**EXERCISE REQUIREMENTS**
In the records below, reproduce exactly the lines from the one containing "Allen Bradley 1756-A17" through the one containing "Volhoply 16 OZ", both included, and omit the pictures.
---- RECORD EXTRACTS
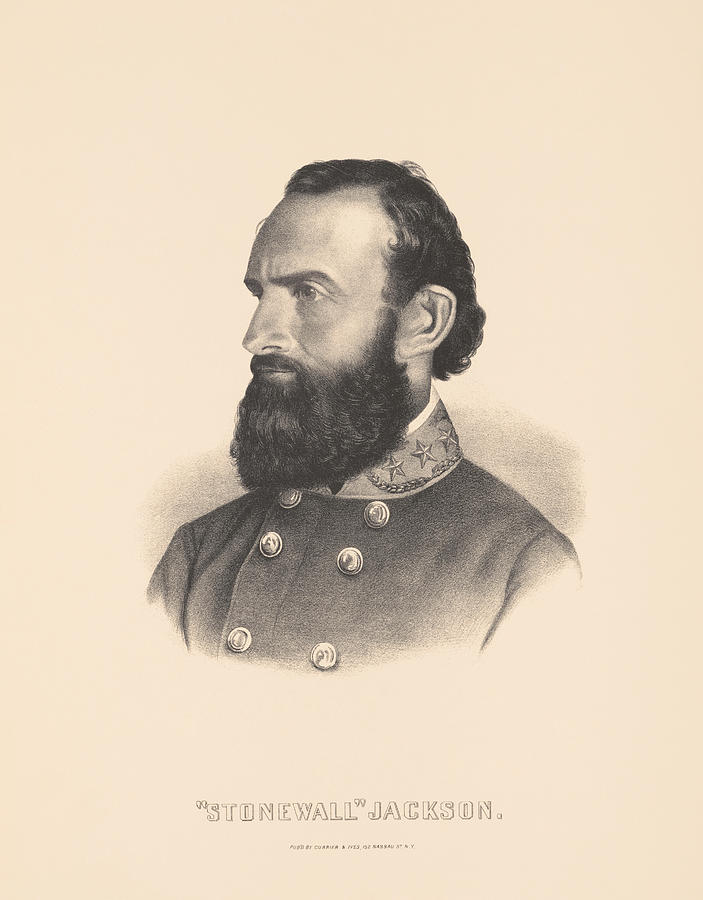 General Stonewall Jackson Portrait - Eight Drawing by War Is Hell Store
--------
---- RECORD EXTRACTS
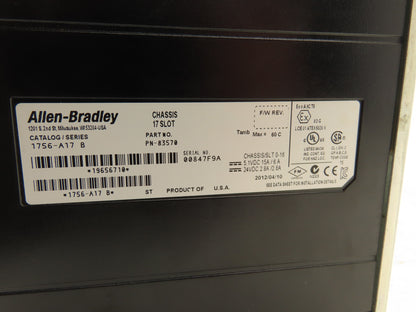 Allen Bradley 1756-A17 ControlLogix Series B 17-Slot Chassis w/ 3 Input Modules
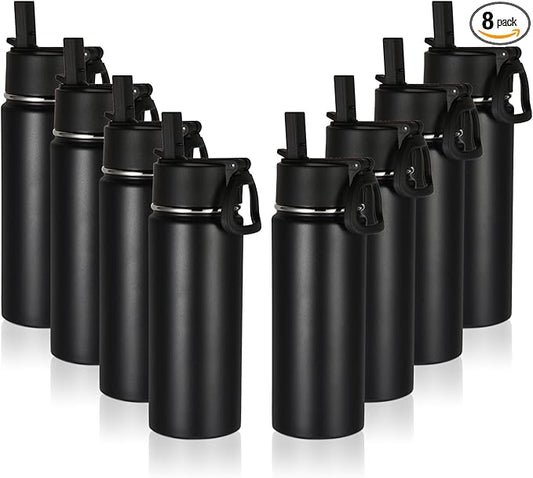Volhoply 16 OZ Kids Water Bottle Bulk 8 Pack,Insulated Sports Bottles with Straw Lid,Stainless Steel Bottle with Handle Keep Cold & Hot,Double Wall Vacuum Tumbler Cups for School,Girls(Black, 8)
--------
---- RECORD EXTRACTS
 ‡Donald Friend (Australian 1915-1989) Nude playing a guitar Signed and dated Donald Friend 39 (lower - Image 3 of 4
--------
**ANSWER AREA**
 Allen Bradley 1756-A17 ControlLogix Series B 17-Slot Chassis w/ 3 Input Modules
Volhoply 16 OZ Kids Water Bottle Bulk 8 Pack,Insulated Sports Bottles with Straw Lid,Stainless Steel Bottle with Handle Keep Cold & Hot,Double Wall Vacuum Tumbler Cups for School,Girls(Black, 8)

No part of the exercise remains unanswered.